Docs » Use case: Troubleshoot an issue from the browser to the back end using Splunk Observability Cloud

Use case: Troubleshoot an issue from the browser to the back end using Splunk Observability Cloud 🔗

Buttercup Games, a fictitious company, runs an e-commerce site to sell its products. They recently refactored their site to use a cloud-native approach with a microservices architecture and Kubernetes for the infrastructure.

Buttercup Games site reliability engineers (SREs) and service owners work together to monitor and maintain the site to be sure that people have a great experience when they visit. One of the many reasons they decided to take a cloud-native approach is because it would make their system observable by tools. They implemented Splunk Observability Cloud as their observability solution.

This use case describes how Kai, an SRE, and Deepu, a service owner, performed the following tasks using Splunk Observability Cloud to troubleshoot and identify the root cause of a recent Buttercup Games site incident:

1. Receive alerts about outlier behavior

2. Assess user impact using Splunk Real User Monitoring (RUM)

3. Investigate the root cause of a business workflow error using Splunk Application Performance Monitoring (APM)

4. Check on infrastructure health using Splunk Infrastructure Monitoring

5. Look for patterns in application errors in Splunk APM

6. Examine error logs for meaningful messages and patterns using Splunk Log Observer

7. Monitor a fix using Splunk Log Observer

8. Take preventative action and create metrics from logs to power dashboards and alerts

For a video version of this use case, see Splunk’s Observability Cloud Demo.

1. Receive alerts about outlier behavior 🔗

Kai, the SRE on-call, receives an alert showing that the number of purchases on the Buttercup Games site has dropped significantly in the past hour and the checkout completion rate is abnormally low.

Kai trusts that these are true outlier behaviors because the alert rule their team set up in Splunk Observability Cloud takes into account the time and day of week as a dynamic baseline, rather than simply using a static threshold.

Kai logs in to Splunk Observability Cloud on their laptop to investigate.

Learn more 🔗

2. Assess user impact 🔗

The first thing Kai wants to know about the alert they just received is: What’s the user impact?
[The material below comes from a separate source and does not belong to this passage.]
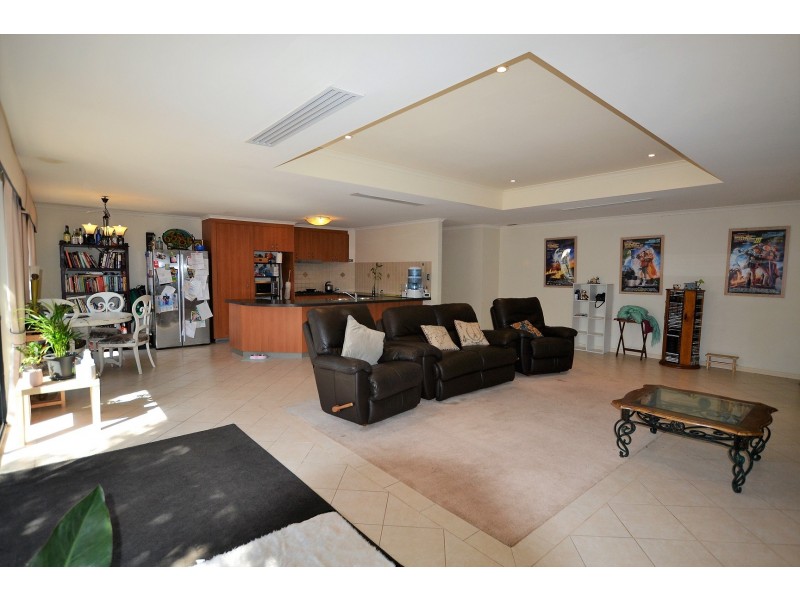 10 Welara Circle, Henley Brook WA 6055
Kai opens Splunk Real User Monitoring (RUM) to look for clues about the issue based on the site’s browser-based performance. They notice two issues that may be related to the drop in purchases and the low checkout completion rate:

  • A spike in the number of frontend errors

    This screenshot shows the FE (frontend) Errors module in Splunk Real User Monitoring. The module shows the error rate for the last 15 minutes. The error rate is 74 errors per second.
  • High backend endpoint latency

    This screenshot shows the Endpoint Latency module in Splunk Real User Monitoring. The module shows a latency of 8 seconds for the /cart/checkout endpoint.
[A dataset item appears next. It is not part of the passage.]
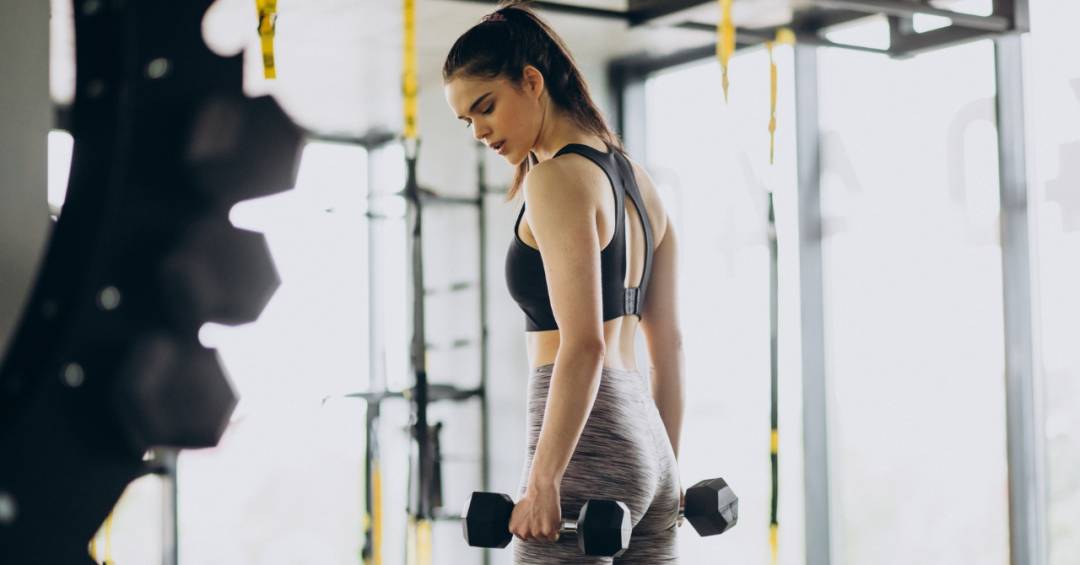Contra a flacidez: exercícios acessíveis para fortalecer braços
Kai isn’t sure if the two issues are related or whether they are the cause of the problems on the site. They decide to dig into the high latency of the /cart/checkout endpoint because the page load time and largest contentful paint for cart/checkout are also high.

Kai clicks the /cart/checkout endpoint link and sees multiple errors in the Tag Spotlight view in Splunk RUM. The errors don’t seem to be related to any one tag in particular, so they click the Example Sessions tab to look at example sessions.

Kai sees one session that seems to be taking longer than the others. They click it to see the full trace, from the front end through to the back end, where they can see that it is taking longer to complete than normal. Based on this example data, Kai understands that the latency isn’t a front end problem and that they need to follow the trace through to the back end.

This screenshot shows the Session Details page in Splunk RUM displaying the session timeline from the front end through to the back end, where the /cart/checkout endpoint is taking longer than expected to complete.

Kai clicks the APM link to get a performance summary, as well as access to the session’s trace and workflow details.

This screenshot shows the Performance Summary menu in Splunk RUM displaying a link to the frontend:/cart/checkout workflow, as well as performance and trace details.

Kai decides to take a look at the end-to-end transaction workflow.

Learn more 🔗

For details about using Splunk RUM to identify and troubleshoot frontend errors, see Investigate errors in your spans.

3. Investigate the root cause of a business workflow error 🔗

In Splunk RUM, Kai clicks the frontend:/cart/checkout business workflow link to display its service map in Splunk Application Performance Monitoring (APM). A business workflow is a group of logically related traces, such as a group of traces that reflect an end-to-end transaction in your system.

The service map shows Kai the dependency interactions among the full set of services backing the /cart/checkout action that they’re troubleshooting, including the propagation of errors from one service to another.

This screenshot shows a service map in Splunk APM displaying the paymentservice as the source of root errors.

In particular, Kai sees that the paymentservice is having issues. Splunk APM has identified the issues as root cause errors, meaning that the paymentservice has the highest number of downstream errors that are contributing to a degraded experience for the workflow.

Kai selects the paymentservice. In addition to displaying more details about the service’s errors and latency, Splunk Observability Cloud surfaces Related Content tiles that provide access to relevant data in other areas of the application.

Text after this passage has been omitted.